**What the exercise asks:** Here are some records; quote them exactly, leaving out the pictures.

*** Provided data Section Begins ***

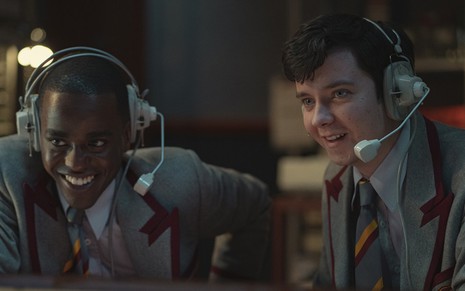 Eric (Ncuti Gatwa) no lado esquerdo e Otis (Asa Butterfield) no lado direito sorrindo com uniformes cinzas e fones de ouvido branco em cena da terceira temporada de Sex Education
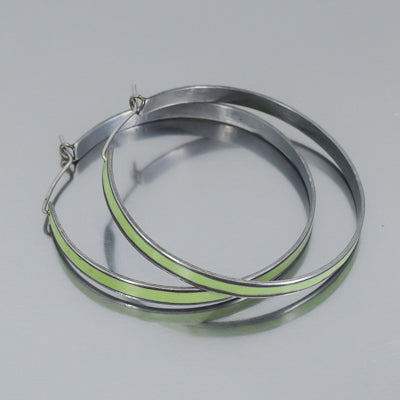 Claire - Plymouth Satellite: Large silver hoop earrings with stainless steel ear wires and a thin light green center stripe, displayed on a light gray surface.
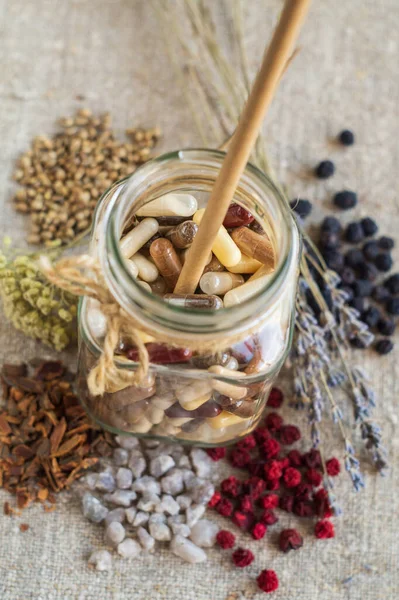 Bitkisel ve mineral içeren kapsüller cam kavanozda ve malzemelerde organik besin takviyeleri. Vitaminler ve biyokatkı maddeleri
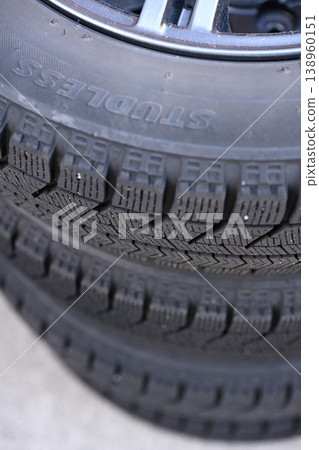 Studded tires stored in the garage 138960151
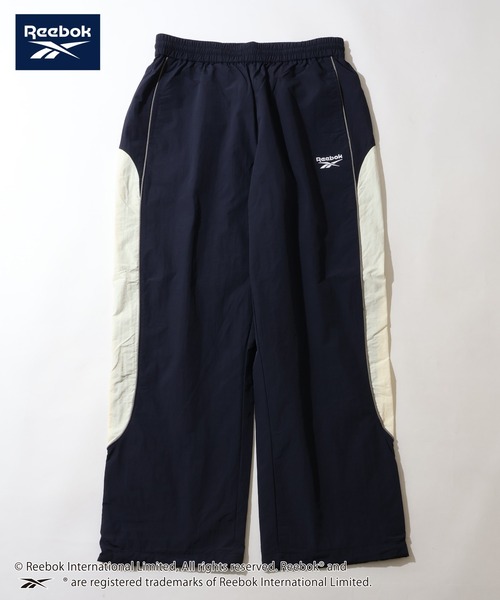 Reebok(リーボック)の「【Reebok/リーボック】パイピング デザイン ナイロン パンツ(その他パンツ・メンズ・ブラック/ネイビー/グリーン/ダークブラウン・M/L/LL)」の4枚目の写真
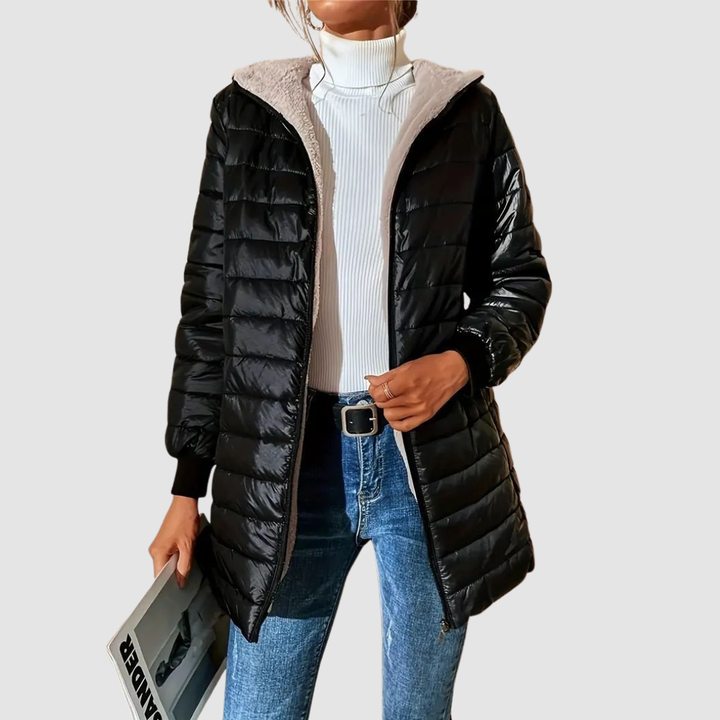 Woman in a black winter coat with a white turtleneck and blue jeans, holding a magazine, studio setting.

*** Provided data Section Ends ***

**Output below:**
 Eric (Ncuti Gatwa) no lado esquerdo e Otis (Asa Butterfield) no lado direito sorrindo com uniformes cinzas e fones de ouvido branco em cena da terceira temporada de Sex Education
 Claire - Plymouth Satellite: Large silver hoop earrings with stainless steel ear wires and a thin light green center stripe, displayed on a light gray surface.
 Bitkisel ve mineral içeren kapsüller cam kavanozda ve malzemelerde organik besin takviyeleri. Vitaminler ve biyokatkı maddeleri
 Studded tires stored in the garage 138960151
 Reebok(リーボック)の「【Reebok/リーボック】パイピング デザイン ナイロン パンツ(その他パンツ・メンズ・ブラック/ネイビー/グリーン/ダークブラウン・M/L/LL)」の4枚目の写真
 Woman in a black winter coat with a white turtleneck and blue jeans, holding a magazine, studio setting.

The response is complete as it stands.